# Wooden dam for cutting ceramic tile



## RainMan 2.0 (May 6, 2014)

Me smart ,well I haven’t tried so we’re not exactly sure yet .
I’m working on tiling my tub/shower alcove ,and I’ve never cut a hole before.
I watched a few YouTube videos where the guy was angling in the diamond bit with a cordless drill to get it started ,and then straightened it out as it dug in .

I’m sure water would have helped ,but in my case I have no one around here dependable enough to hold a hose on it while I drill , so I concocted this device , a water table for the drill press .
I need to drill a large 4” hole for the mixing valve , and bought a cheap set of diamond bits off of Amazon. 
So I took my scraps and built this dam and put a piece of Kerdi board on the bottom , this way I won’t drill into the wood once I get threw the ceramic tile .

My idea is to fill it up with water , just enough to cover the tile , and use my drill press to guide the bit . 
I used tight bond glue around the sides to seal the wood from getting wet . Just added another layer to the corners , so the glues still wet, so I can’t do a test yet 

Not sure if it’s going to work,but will report back later


----------



## kp91 (Sep 10, 2004)

Where there's a will..... there's a way. (or in my case, usually 7 failed attempts and then a success)


----------



## RainMan 2.0 (May 6, 2014)

kp91 said:


> Where there's a will..... there's a way. (or in my case, usually 7 failed attempts and then a success)


I’ve got two four inch holes to cut ,plus another three for the tub spout etc.

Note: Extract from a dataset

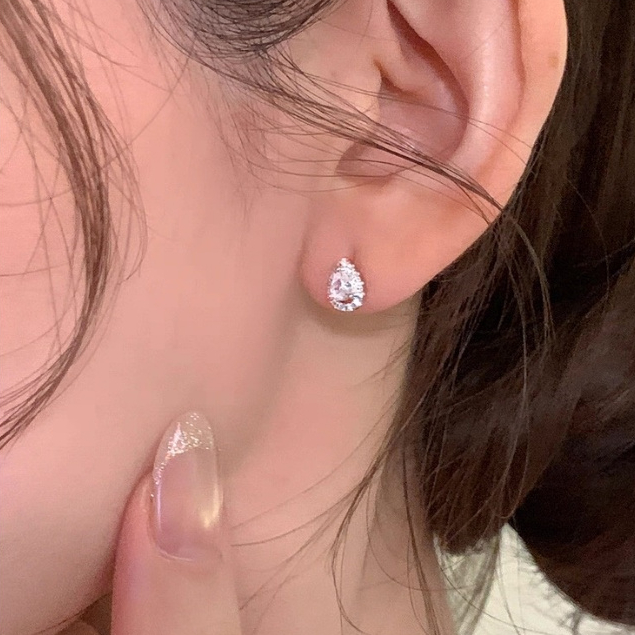ต่างหู Zircon Water Drop สังกะสีเงิน S925 ออกแบบอย่างประณีต เหมาะสำหรับทุกโอกาส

Otherwise I wouldn’t have bothered I guess .

I’m thinking I better change belt positions and get the press running faster . I’m assuming anyways .


----------



## Nickp (Dec 4, 2012)

kp91 said:


> Where there's a will..... there's a way. (or in my case, usually 7 failed attempts and then a success)



That's about my average also...:grin:


----------



## mimac (Dec 13, 2009)

I just squirt a circular dam of latex caulk around the area to be drilled. I've done hundreds of holes like this. Drill slow with the drill press and don't put a lot of pressure on the tile. Some tiles are soft and easy others are hard and brittle. You can drill cups and teapots like this as well. My wife likes to make tea cup and pot totems as yard art. I cot cups in half for her to stick on some of her wall murals as well. some shots of one in our kitchen. A 1/2 cup as well as some family photos glued on to the backs of tumbled and polished glass, The Scotties and Geckos I cut out of tile with a Ring saw.


----------



## RainMan 2.0 (May 6, 2014)

Wow ,those are really sharp Brian


----------



## RainMan 2.0 (May 6, 2014)

Brian, I wish I had a cnc router table right now . Not sure if it’s possible, but I’d like to have these mosaic tile blend in with the main tile . But I’d say this is an impossible cut for tile , but if I had the tile in a water dam system with a small diameter tile bit , I think it might work .
Then there’s making the vector


----------



## DesertRatTom (Jul 3, 2012)

I also think a slow speed, low pressure approach would work better.


----------



## Stick486 (Jan 4, 2013)

DesertRatTom said:


> I also think a slow speed, low pressure approach would work better.


firm pressure..
low pressure generates heat and wears out the diamond faster...


----------



## Biagio (Mar 2, 2013)

Hi Rick,
I have cut many small holes without bothering with a water dam. Have used carbide hole saws and diamond core type bits - the former start easier, as there is a pilot drill bit, like with a regular hole saw.
As Brian says, it depends on the composition of the tile body, and the hardness of the surface layer. If you do not use water, and the bit starts smoking, you are overdoing it. Keep overdoing it, and the bit and the tile start glowing.
The only time I have made a 4-inch hole was for a toilet waste pipe - drilled a series of 6mm holes around the perimeter, then used a 4inch carbide-tipped core cutter with a centre pilot. The tile was already adhered to the wall- no problems(but we have solid masonry walls in this part of the world.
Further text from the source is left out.